Figure 5 Bioactivity of human angiopoietin-1 and human VEGF loaded in nanoparticles. The proliferation of HUVECs in response to the nanoparticle supernatant was observed. HUVECS were seeded in a 96-well plate and the endothelial cell medium was replaced with nanoparticle supernatant with human VEGF antibody, nanoparticle supernatant with human angiopoietin-1 antibody, nanoparticle supernatant containing both human angiopoietin-1 and human VEGF, nanoparticle supernatant containing bovine serum albumin and endothelial cell medium (with 5% fetal bovine albumin) as the controls for 96 hours. The results were illustrated as the percent increase in cell proliferation relative to the unstimulated control. Least cell proliferation is observed with human angiopoietin-1 and maximum proliferation is observed in supernatant with a combination of both human angiopoietin-1 and human VEGF. The supernatant with bovine serum albumin showed a negligible effect as expected. An increasing cell proliferation is observed over the two-week incubation period.
Abbreviations: VEGF, vascular endothelial growth factor; HUVECs, human vascular endothelial cells.
Figure 6 Human angiopoietin-1 and human VEGF were loaded into nanoparticles and the combined antiapoptotic effect of the proteins on the seeded HUVECs was demonstrated. HUVECs treated with serum-free control media without addition of human VEGF and human angiopoietin-1 proteins, always showed a percent apoptosis above 90%. The release kinetics shows that there is an increase in the cumulative amount of proteins released from the nanoparticles. The percent apoptosis due to nanoparticle supernatant containing human angiopoietin-1 (human VEGF antibody added) reduced from 31.5% to 27.06% for day 2 to day 14. Similarly, percent apoptosis due to nanoparticle supernatant containing human VEGF (human angiopoietin-1 antibody added) reduced from 29.6% to 27.74% for day 2 to day 14. The combined antiapoptotic effect of the nanoparticle supernatant containing human angiopoietin-1 and human VEGF decreased from 16.44% to 10.42% at day 2 to day 14. Thus, in comparison with the control, cell apoptosis decreased dramatically (almost by 50%) with the application of supernatant from nanoparticles loaded with both the proteins.
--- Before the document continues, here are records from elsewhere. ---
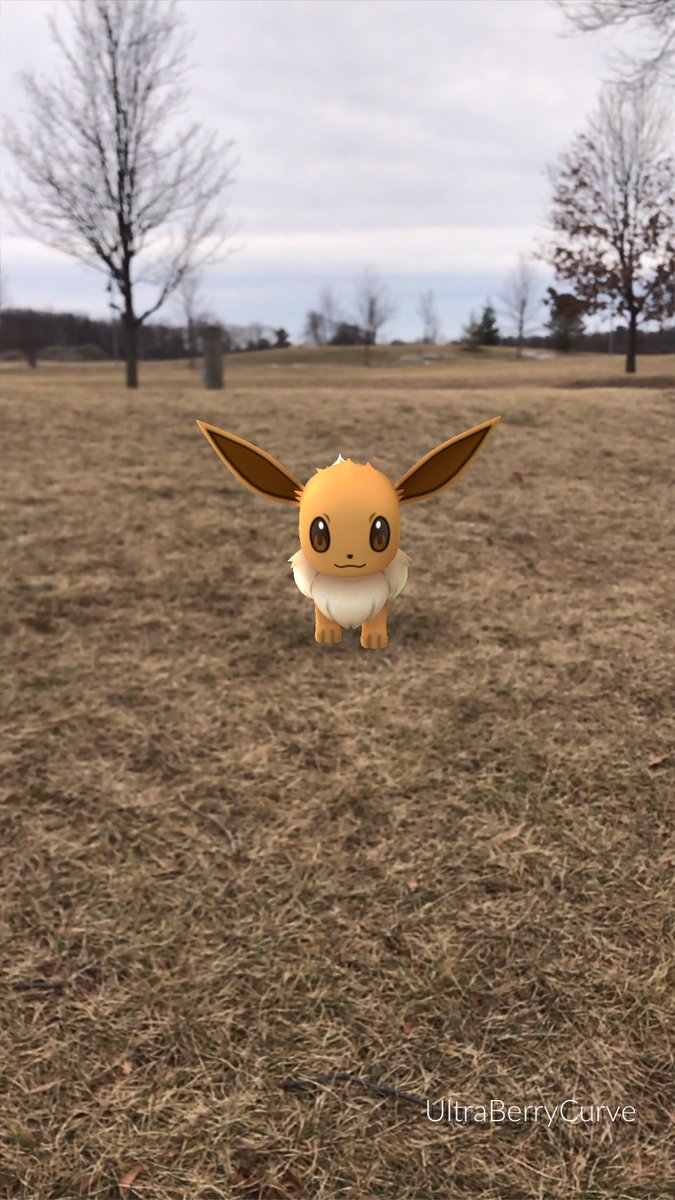 YoitsTJ23's tweet photo. @PokemonGoApp Eevee ❤️ #pokemongo https://t.co/jd9hdrjdx3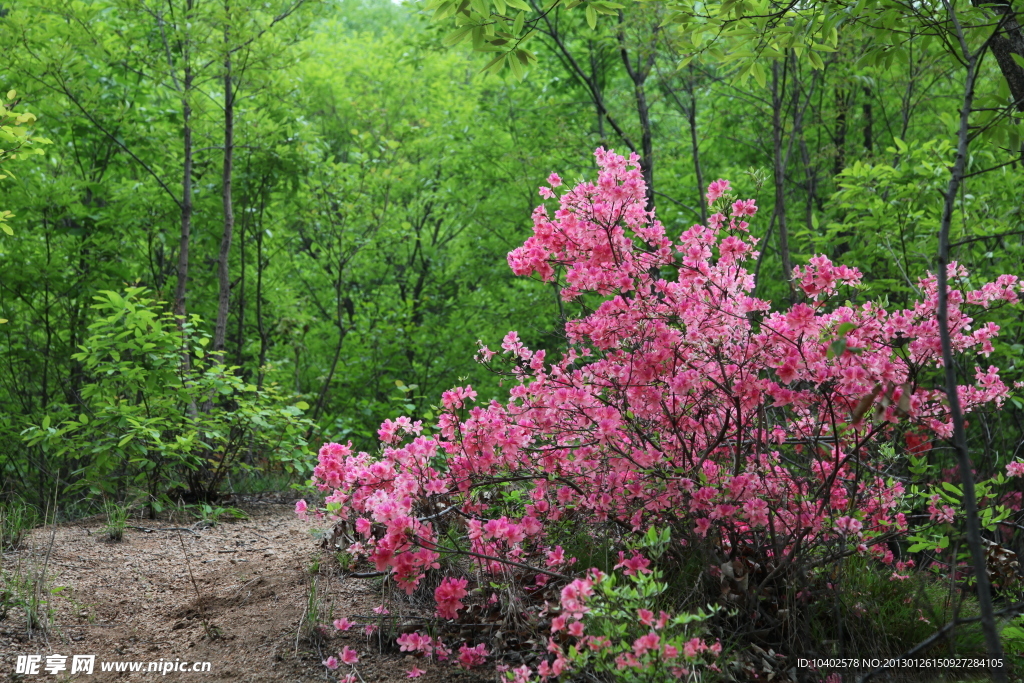 杜鹃花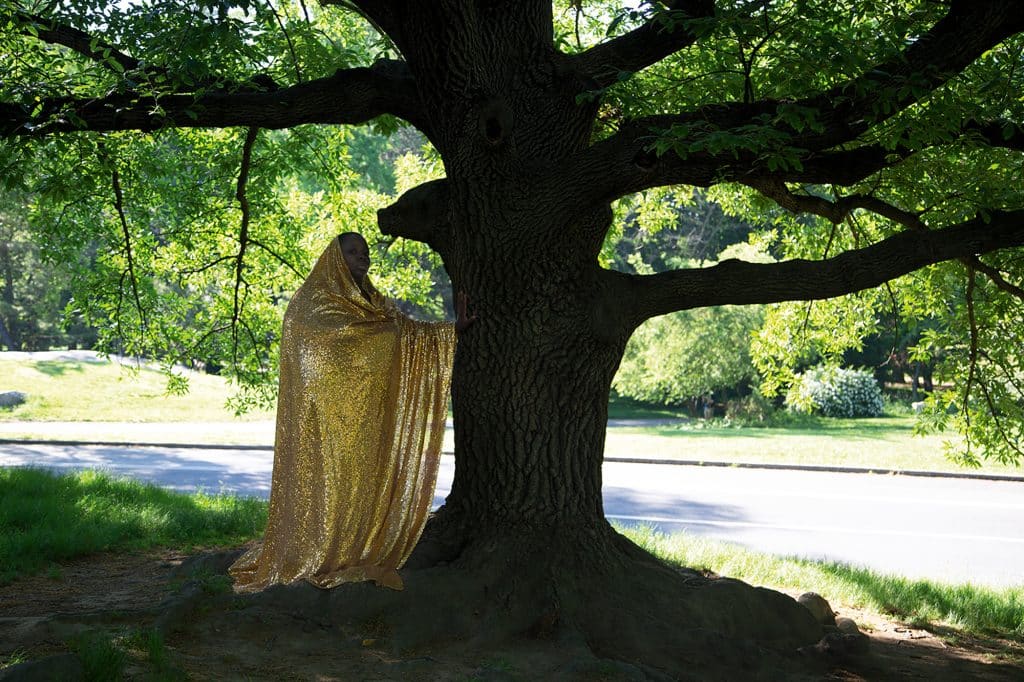 Nona Faustine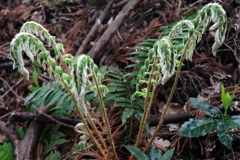 散歩道の野草達7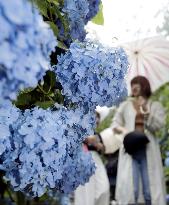 Blooming hydrangeas in Japan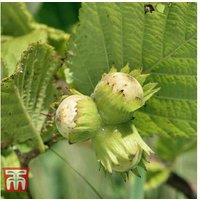 Hedge Hazel (Corylus avellana) Potted Tree - Edible Cobnuts & Privacy Hedging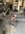 064501D6-AFF2-4A45-BA4A-1E0D566E9CA5.jpeg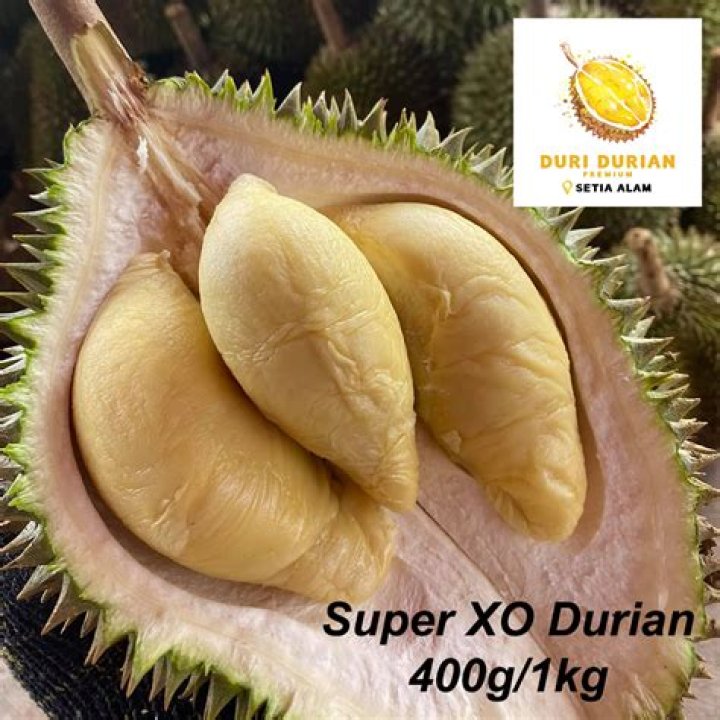 Is D24 same as Musang King?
Abbreviations: VEGF, vascular endothelial growth factor; HUVECs, human vascular endothelial cells.
Figure 7 Fluorescent microscope images showing antiapoptotic effect of human angiopoietin-1 and human VEGF on HUVECs at day 14. Bar, 50 μm. It was observed that on day 14, the proteins coencapsulated in the nanoparticles significantly decreased HUVEC apoptosis compared with the control, as well as the individual proteins. Human vascular endothelial cells were seeded onto a 96-well plate at a cell density of 2 × 104 cells per well. The medium was then replaced with 0.1 mL of A) nanoparticle supernatant, B) nanoparticle supernatant with excess human VEGF antibody, C) nanoparticle supernatant with excess human angiopoietin-1 antibody and incubated for 96 hours. D) Control cultures received the same amount of serum-free media without addition of human VEGF and human angiopoietin-1 proteins. The numbers of cells floating in each well were collected after phosphate-buffered saline washing and counted. The number of apoptotic cells in the adherent cells was then determined after 96 hours using the MitoTracker® Red CMXRos kit and DAPI nucleic acid staining and counted using fluorescence microscopy.
Abbreviations: HUVECs, human vascular endothelial cells; VEGF vascular endothelial growth factor.